• **Required action**
Beneath this instruction is a listing. Transcribe from it only the stretch from the line with "OSB kağıtları bir" through the line with "Used 2022 BLACK", both end lines included, exactly as written.

• **Data supplied**

[Start of section]

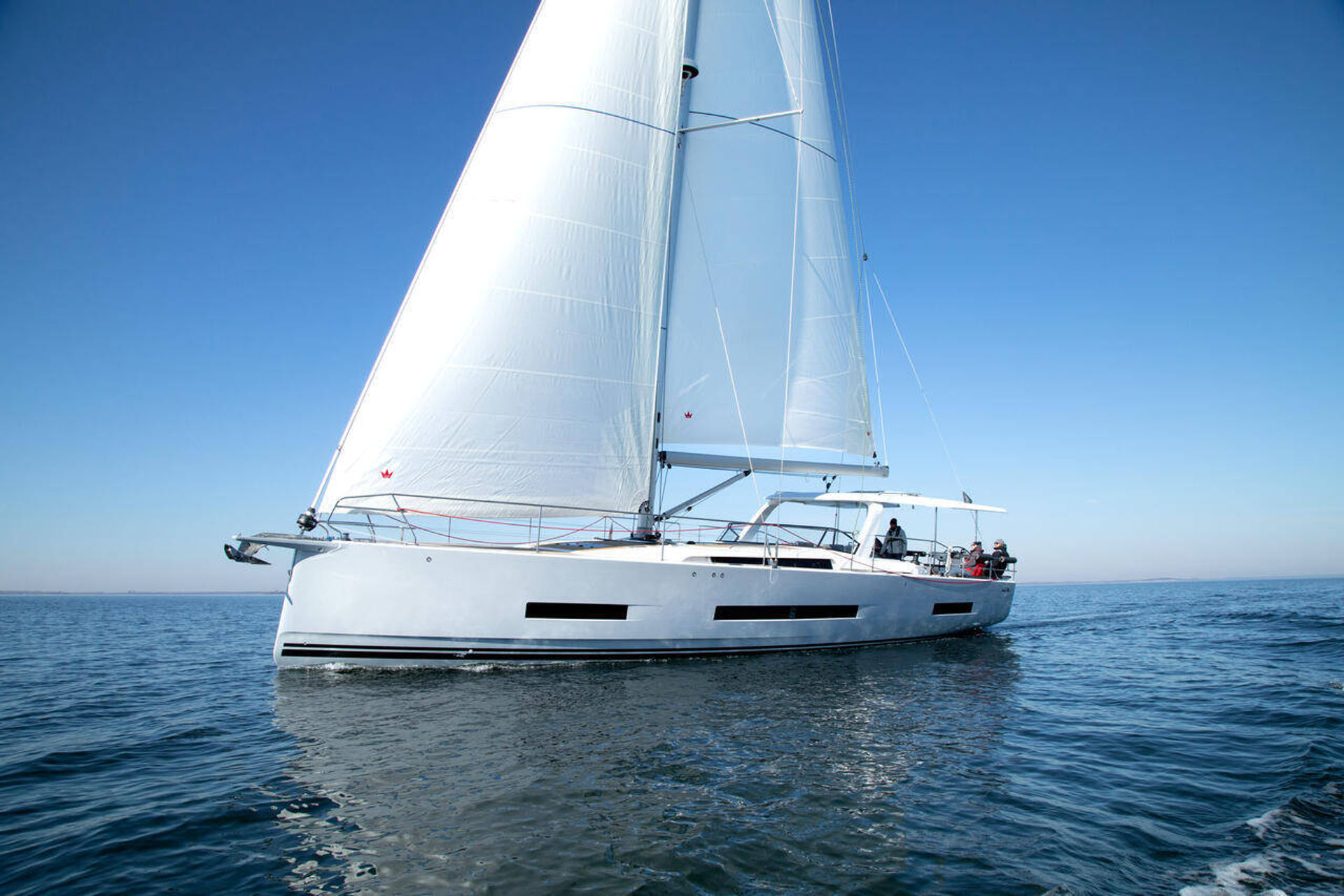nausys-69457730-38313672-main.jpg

[End of section]
[Start of section]

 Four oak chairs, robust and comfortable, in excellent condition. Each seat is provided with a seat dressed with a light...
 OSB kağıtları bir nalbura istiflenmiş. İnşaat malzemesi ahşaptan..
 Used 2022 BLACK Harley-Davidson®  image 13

[End of section]

• **Solved exercise**
 OSB kağıtları bir nalbura istiflenmiş. İnşaat malzemesi ahşaptan..
 Used 2022 BLACK Harley-Davidson®  image 13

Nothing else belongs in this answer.